The general gist of North to Alaska is that two buddies Sam (Wayne) and George (Stewart Granger) have struck it rich with their Alaskan gold mine. George has a fiance in Seattle but he needs to stay with the mine. He asks Sam to fetch her with the news that George is now a millionaire. When Sam finds her, she's already married and long forgotten about George. That night, Sam meets a beautiful French prostitute named Angel (the lovely Capucine) and decides to take her back to George instead. Meanwhile there's a sniveling grifter who keeps trying to weasal the mine away from Sam and George.
The film starts promising enough. We get the aforementioned theme song which segues almost immediately into a massive bar brawl. Here's where Hathaway shows his strengths as an action director: geography is clear, the characters are kept distinct, little gags here and there accompany the action, and the environment is used to full effect. Unfortunately, this is the only scene in the film where Hathaway seems to be paying attention. But even this scene is tonally off with the rest of the film. This scene is like the Keystone Kops or Looney Tunes, replete with a machine that bangs out carnival music, goofy sound effects and John Wayne mugging it cross-eyed. The rest of North to Alaska, meanwhile, is a mix of situational comedy and drama.
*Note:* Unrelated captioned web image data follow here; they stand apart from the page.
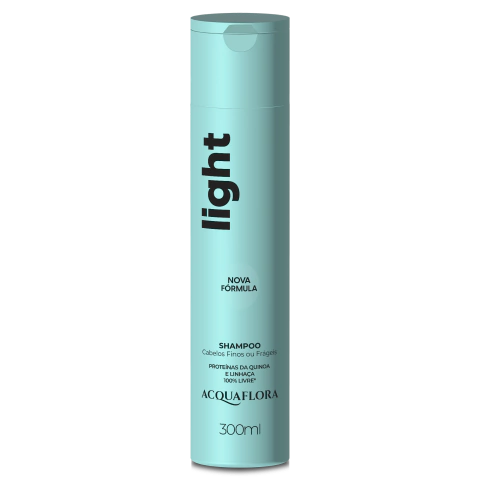 Acquaflora Light Shampoo 300ml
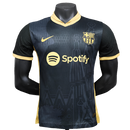 Camisa Barcelona 25/26 Especial - Preto - Versão Jogador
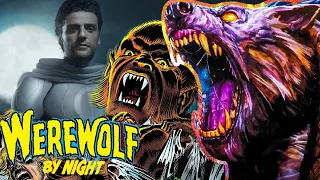 RUMOR: Werewolf by Night Disney + Series in the Works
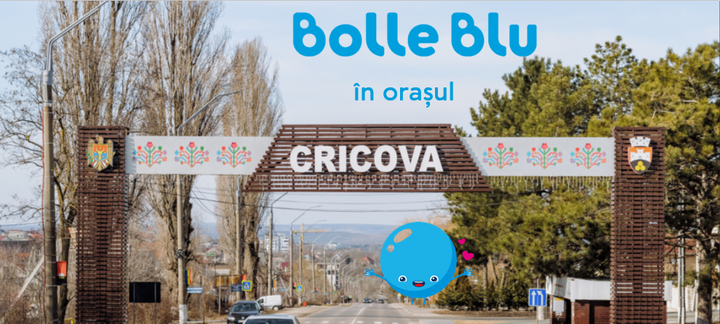 Extinderea Bolle Blu continuă: un nou magazin deschis în Cricova.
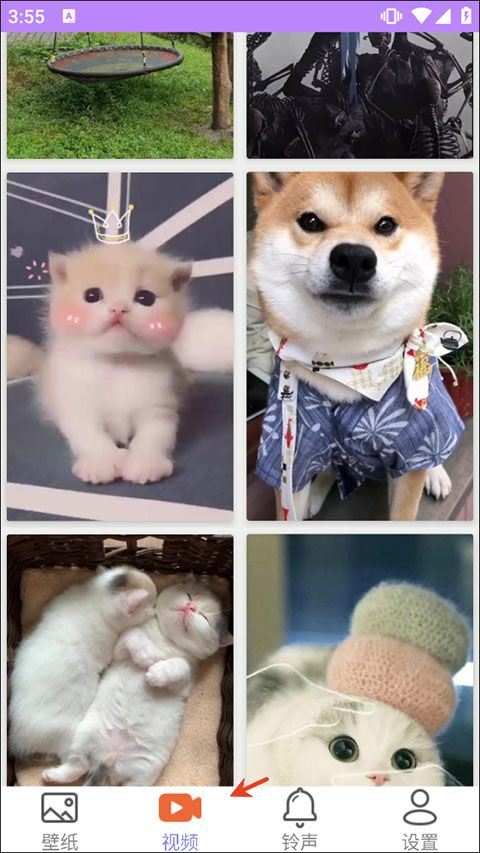 星空壁纸app v2.5安卓版
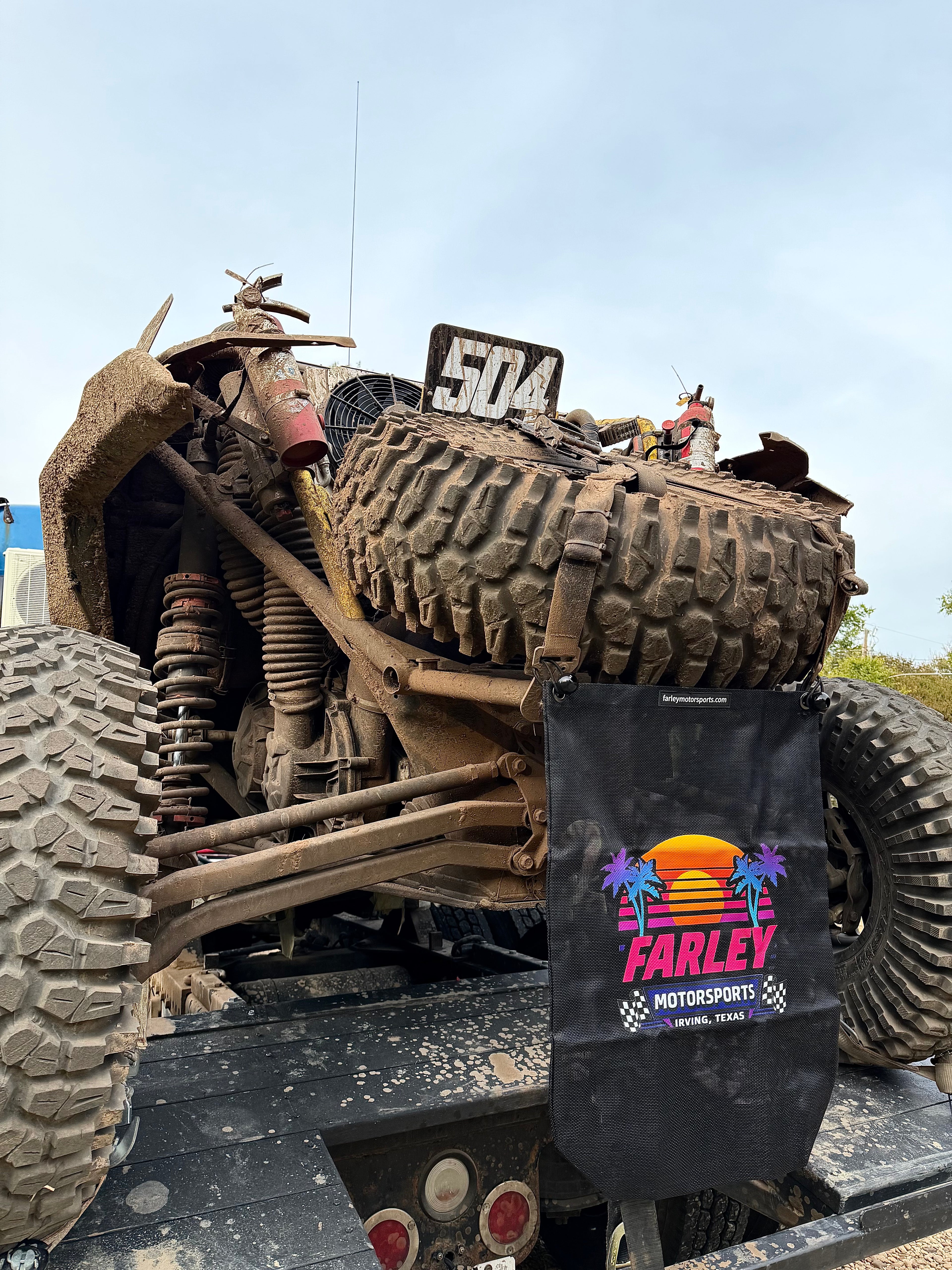 Trail Trash Sack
The script is unceasingly uneven, as if the writer had been drinking as hard as John Wayne's character while he was outlining. It really feels like they shot the first draft. More time and more ideas could have given each character a goal (only the grifter has one). The actual characterization seems to have been left entirely to the actors. There is an hour's worth of plot padded out to two hours so what we get are some painfully lame scenes. (Though I don't complain about Capucine's bath, during which I detected a nipple. Alert the Breen Office!) Once Angel arrives in Alaska, all that's needed are a few sequences of dramatic irony before things should get tied up neatly. Those ideal few scenes last about an hour. Then about ten minutes from the end, the grifter is reintroduced. In quick succession, the whole town breaks out in fistfights until our leads laugh away their problems and the grifter gets yanked off to jail. Huh? And those are all the problems before the more serious issue of male chauvinism can be thrown down.
North to Alaska is for Wayne, Capucine and Hathaway purists only. The first third is tolerable, promising even, but the wheels really fall off when Sam and Angel arrive in Alaska with a whole lot of luggage and no story.